One Apollo investor, the Pennsylvania Public School Employees Retirement System said it "is closely following the ongoing legal issues and the newly launched internal Apollo investigation," in a statement last week, Reuters reported.
"The existing Apollo commitments were made under the previous administration and we have no plans to commit further capital to their funds at this time. We reviewed Apollo this spring and determined, based on a variety of due diligence criteria, they did not meet our standards for making a new capital commitment," said Gabrielle Farrell, director of communications for Connecticut State Treasurer Shawn T. Wooden in a statement to ABC News. Connecticut Retirement Plans and Trust Funds, an Apollo investor, consists of six state pension funds and nine state trust funds.
Black and some of his related family entities have also been subpoenaed for documents by the U.S. Virgin Island's attorney general's office, which is conducting a wide-ranging investigation of Epstein's financial dealings and his alleged sex-trafficking scheme.
Black said he had requested that the Apollo board initiate a review of his relationship with Epstein and said an independent conflicts committee is now working on gathering information. Black said he hoped the review would be completed expeditiously and that he expects it will "assure all of our stakeholders that they have the relevant facts and demonstrate that everything I have said about my relationship with Epstein is accurate and truthful. The review is now underway, and I am cooperating fully."

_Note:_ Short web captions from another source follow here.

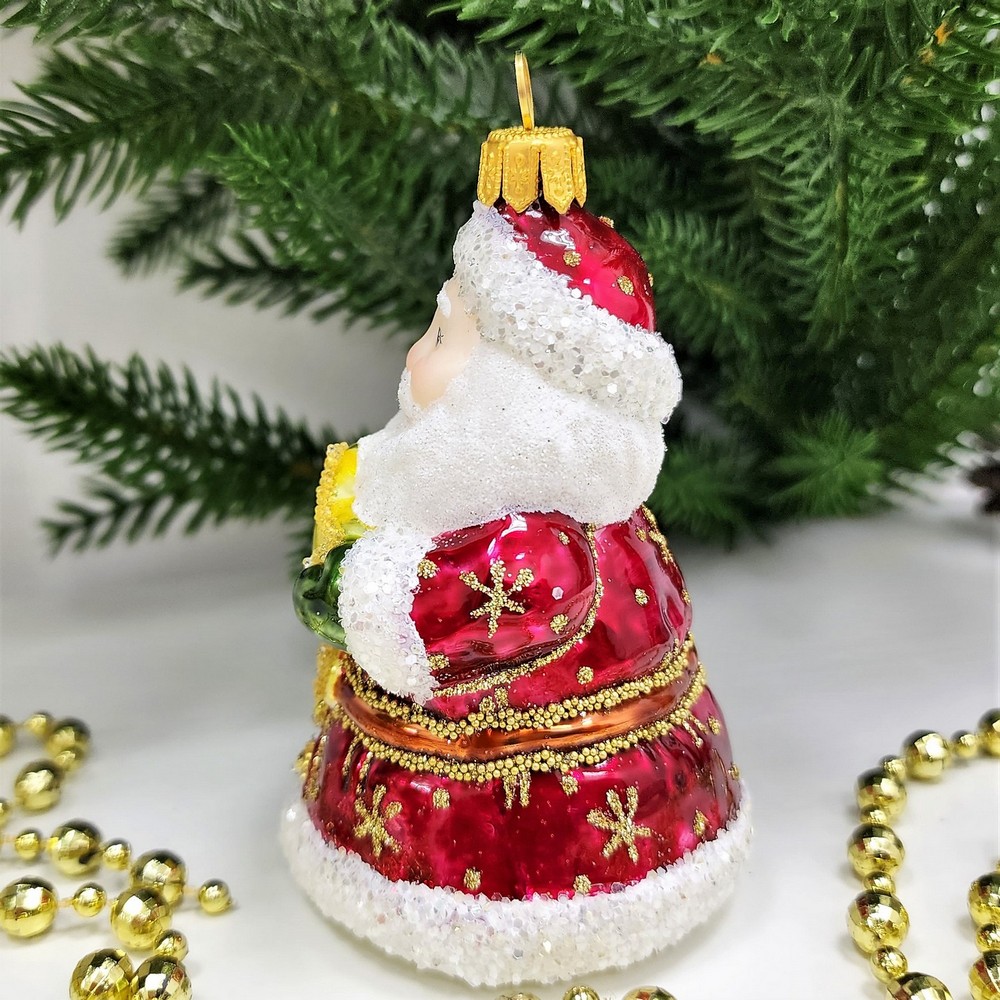 фото Стеклянная елочная игрушка Дед Мороз колокольчик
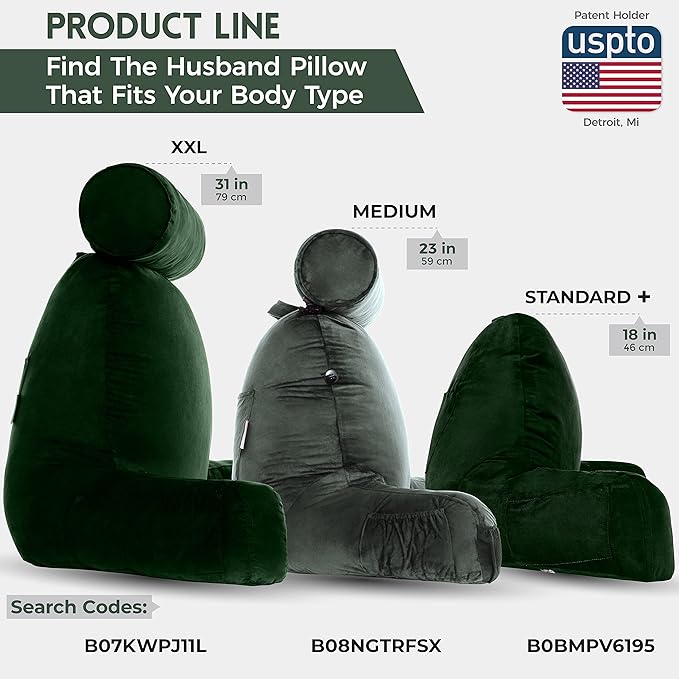 Husband Pillow XXL Aspen Edition, Adult Reading Sit Up Bed Rest Pillow for Bed with Arms & Neck Roll on Bungee Cord - Premium Memory Foam, Reversible 2 Sided Cover Micro Suede or Plush, Ramona Green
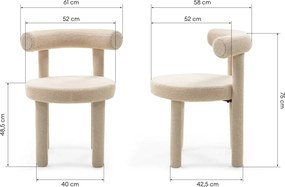 Jídelní židle PEDRO bouclé béžová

Black reiterated that Epstein and his related companies never did any business with Apollo. But he acknowledged paying Epstein millions of dollars annually for a six-year period between 2012 and 2017 for "professional services to my family partnership and related family entities involving estate planning, tax, structuring of art entities and philanthropic advice." Black said that all of Epstein's advice was vetted by leading law firms, accounting firms and other professional advisors.
"Let me be clear," Black said. "There has never been an allegation by anyone that I engaged in any wrongdoing because I did not. And any suggestion of blackmail or any other connection to Epstein's reprehensible conduct is categorically untrue."
Black said that he first met Epstein in 1996 -- long before any allegations of Epstein's alleged sexual crimes became public -- and he noted that Epstein was then advising prominent clients on estate tax matters and that his "network of relationships" included luminaries that Black admired and respected, including "several heads of state, heads of prominent families in finance, a U.S. Treasury secretary, accomplished business leaders, Nobel Laureates, acclaimed academicians and noted philanthropists."
Black said he first became aware of the allegations against Epstein in late 2006, when it was publicly reported that state and federal authorities in Florida were investigating Epstein. He said that after Epstein got out of jail in 2009, Epstein returned to his previous financial advisory activities and "once again began working and associating with many prominent individuals, spanning the worlds of finance, academia, science, technology, philanthropy, business and government.
"The distinguished reputations of these individuals gave me misplaced comfort in retaining Epstein's services in 2012 for my personal estate planning, tax structuring and philanthropic advice. Like many other people I respected, I decided to give Epstein a second chance. This was a terrible mistake. I wish I could go back in time and change that decision, but I cannot. Had I known any of the facts about Epstein's sickening and repulsive conduct, which I learned in late 2018, more than the year after I stopped working with him, I never would have had anything to do with him."